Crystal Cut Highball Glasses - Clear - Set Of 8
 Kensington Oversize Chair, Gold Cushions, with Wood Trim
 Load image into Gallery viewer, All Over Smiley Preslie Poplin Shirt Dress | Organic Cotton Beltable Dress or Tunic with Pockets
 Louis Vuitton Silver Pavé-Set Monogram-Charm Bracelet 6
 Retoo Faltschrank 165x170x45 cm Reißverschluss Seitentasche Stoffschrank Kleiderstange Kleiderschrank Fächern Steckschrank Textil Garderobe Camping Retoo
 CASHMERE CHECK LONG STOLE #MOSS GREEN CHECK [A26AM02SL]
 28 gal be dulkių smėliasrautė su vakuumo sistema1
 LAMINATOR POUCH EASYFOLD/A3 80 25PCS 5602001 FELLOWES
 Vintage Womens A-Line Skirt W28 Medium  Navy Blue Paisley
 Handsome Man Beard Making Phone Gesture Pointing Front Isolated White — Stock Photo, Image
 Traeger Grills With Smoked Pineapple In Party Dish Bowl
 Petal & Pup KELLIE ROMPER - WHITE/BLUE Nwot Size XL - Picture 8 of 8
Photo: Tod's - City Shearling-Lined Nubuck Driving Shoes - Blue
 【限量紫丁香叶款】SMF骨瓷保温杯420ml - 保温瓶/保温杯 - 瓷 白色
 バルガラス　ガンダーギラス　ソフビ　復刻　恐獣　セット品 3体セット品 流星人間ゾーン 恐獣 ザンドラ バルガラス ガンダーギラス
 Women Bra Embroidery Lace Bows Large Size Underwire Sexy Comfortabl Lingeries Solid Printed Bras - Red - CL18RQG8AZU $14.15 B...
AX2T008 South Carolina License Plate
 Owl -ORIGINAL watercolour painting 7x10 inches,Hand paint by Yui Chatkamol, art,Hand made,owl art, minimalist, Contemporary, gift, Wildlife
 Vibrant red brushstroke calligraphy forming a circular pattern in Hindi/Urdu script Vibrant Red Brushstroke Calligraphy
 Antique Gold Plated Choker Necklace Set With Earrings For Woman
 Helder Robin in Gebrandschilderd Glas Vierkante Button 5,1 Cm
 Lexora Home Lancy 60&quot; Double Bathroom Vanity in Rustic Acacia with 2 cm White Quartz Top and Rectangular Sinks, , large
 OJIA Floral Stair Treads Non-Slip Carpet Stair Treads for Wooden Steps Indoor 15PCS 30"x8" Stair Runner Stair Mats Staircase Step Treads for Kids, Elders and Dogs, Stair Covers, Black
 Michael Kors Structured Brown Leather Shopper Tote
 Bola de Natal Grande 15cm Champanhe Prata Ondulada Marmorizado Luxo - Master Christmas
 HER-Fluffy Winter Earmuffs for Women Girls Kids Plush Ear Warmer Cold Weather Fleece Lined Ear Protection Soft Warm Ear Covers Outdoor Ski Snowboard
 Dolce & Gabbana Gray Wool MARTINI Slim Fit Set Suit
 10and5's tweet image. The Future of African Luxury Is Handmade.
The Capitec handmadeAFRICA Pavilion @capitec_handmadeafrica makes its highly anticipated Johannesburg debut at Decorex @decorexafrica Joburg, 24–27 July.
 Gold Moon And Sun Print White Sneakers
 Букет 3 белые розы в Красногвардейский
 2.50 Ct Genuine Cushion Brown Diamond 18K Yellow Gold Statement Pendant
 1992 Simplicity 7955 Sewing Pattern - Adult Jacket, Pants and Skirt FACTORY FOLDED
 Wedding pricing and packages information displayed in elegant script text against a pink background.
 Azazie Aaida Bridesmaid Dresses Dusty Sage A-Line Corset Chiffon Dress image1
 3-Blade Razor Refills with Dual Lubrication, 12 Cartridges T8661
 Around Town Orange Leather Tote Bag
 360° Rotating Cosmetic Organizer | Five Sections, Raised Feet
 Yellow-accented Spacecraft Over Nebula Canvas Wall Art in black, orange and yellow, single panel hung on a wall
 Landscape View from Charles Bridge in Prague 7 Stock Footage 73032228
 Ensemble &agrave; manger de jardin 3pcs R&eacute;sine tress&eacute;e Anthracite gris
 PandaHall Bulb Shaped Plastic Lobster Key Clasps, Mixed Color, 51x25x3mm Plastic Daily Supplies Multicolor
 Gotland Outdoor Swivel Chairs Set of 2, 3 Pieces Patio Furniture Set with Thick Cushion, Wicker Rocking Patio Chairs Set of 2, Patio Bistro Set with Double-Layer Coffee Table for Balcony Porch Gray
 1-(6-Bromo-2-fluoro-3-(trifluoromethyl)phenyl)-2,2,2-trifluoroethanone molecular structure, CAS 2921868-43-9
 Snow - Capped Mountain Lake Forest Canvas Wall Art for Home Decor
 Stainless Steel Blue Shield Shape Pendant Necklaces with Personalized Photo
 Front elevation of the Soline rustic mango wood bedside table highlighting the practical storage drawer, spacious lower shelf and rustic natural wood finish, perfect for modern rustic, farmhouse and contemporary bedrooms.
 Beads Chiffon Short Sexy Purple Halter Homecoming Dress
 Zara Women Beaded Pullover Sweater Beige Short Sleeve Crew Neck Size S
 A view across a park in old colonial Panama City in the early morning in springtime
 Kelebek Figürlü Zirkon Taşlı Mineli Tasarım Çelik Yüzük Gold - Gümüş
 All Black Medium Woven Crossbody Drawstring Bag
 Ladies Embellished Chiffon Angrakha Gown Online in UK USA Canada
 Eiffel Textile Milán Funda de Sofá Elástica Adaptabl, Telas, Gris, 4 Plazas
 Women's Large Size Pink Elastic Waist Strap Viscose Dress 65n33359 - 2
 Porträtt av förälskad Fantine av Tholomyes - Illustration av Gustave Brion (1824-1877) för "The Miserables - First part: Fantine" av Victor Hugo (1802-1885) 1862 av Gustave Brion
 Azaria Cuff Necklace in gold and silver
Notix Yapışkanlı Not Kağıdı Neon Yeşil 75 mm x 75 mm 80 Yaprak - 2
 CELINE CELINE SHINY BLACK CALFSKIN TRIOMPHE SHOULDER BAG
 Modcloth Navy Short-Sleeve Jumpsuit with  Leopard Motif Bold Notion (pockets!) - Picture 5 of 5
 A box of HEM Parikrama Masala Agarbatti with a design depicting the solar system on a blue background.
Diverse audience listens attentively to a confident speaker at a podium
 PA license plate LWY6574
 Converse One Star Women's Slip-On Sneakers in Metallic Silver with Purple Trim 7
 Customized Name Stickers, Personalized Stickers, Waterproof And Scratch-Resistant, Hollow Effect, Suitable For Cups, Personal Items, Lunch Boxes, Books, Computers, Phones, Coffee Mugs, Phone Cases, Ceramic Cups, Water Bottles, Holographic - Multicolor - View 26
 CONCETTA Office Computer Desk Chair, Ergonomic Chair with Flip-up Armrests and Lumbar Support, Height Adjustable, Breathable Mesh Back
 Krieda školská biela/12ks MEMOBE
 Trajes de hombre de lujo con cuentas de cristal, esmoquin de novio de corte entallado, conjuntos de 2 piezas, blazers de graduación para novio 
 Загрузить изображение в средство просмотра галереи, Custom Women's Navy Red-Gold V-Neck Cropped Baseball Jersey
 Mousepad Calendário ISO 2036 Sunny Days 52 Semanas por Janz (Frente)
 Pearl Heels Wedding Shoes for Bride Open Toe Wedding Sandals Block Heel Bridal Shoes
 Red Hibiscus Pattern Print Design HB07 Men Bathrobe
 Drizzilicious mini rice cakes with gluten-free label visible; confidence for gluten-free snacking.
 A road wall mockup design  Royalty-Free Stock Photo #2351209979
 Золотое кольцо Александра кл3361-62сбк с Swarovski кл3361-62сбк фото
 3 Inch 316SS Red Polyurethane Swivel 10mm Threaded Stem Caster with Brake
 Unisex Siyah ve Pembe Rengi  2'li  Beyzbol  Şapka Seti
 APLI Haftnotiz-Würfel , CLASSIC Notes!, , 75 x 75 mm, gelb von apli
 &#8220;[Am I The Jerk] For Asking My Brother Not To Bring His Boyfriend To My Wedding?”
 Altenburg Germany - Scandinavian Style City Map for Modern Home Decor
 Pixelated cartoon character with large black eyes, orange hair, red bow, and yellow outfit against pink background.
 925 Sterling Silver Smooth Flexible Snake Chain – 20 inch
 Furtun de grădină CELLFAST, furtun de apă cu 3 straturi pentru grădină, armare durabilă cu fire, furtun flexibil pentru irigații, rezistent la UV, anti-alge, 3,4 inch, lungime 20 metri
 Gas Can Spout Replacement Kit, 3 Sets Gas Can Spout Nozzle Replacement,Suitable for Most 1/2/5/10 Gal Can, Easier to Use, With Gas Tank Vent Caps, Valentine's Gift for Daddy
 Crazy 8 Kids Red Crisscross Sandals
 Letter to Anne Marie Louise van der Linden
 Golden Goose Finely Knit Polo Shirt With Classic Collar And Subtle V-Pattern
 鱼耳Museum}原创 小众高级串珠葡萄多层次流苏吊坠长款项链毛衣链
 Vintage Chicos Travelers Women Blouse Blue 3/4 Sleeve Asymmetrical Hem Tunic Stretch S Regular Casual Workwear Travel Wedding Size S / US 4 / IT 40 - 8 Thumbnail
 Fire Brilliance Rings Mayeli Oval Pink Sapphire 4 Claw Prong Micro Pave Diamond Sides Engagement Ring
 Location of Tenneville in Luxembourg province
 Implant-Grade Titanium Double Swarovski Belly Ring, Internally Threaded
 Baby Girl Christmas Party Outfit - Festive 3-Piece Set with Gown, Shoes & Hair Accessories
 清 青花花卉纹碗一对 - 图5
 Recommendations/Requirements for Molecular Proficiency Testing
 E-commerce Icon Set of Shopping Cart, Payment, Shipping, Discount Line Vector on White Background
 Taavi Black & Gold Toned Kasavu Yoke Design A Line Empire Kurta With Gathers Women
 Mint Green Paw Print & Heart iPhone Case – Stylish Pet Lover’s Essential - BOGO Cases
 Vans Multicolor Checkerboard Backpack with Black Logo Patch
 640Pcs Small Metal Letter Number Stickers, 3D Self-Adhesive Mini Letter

TASK OBJECTIVE:
Starting with the line with "Photo: Tod's - City" above and going on through the line with "Antique Gold Plated", transcribe every line exactly, both ends included, and add nothing.

RESULT:
Photo: Tod's - City Shearling-Lined Nubuck Driving Shoes - Blue
 【限量紫丁香叶款】SMF骨瓷保温杯420ml - 保温瓶/保温杯 - 瓷 白色
 バルガラス　ガンダーギラス　ソフビ　復刻　恐獣　セット品 3体セット品 流星人間ゾーン 恐獣 ザンドラ バルガラス ガンダーギラス
 Women Bra Embroidery Lace Bows Large Size Underwire Sexy Comfortabl Lingeries Solid Printed Bras - Red - CL18RQG8AZU $14.15 B...
AX2T008 South Carolina License Plate
 Owl -ORIGINAL watercolour painting 7x10 inches,Hand paint by Yui Chatkamol, art,Hand made,owl art, minimalist, Contemporary, gift, Wildlife
 Vibrant red brushstroke calligraphy forming a circular pattern in Hindi/Urdu script Vibrant Red Brushstroke Calligraphy
 Antique Gold Plated Choker Necklace Set With Earrings For Woman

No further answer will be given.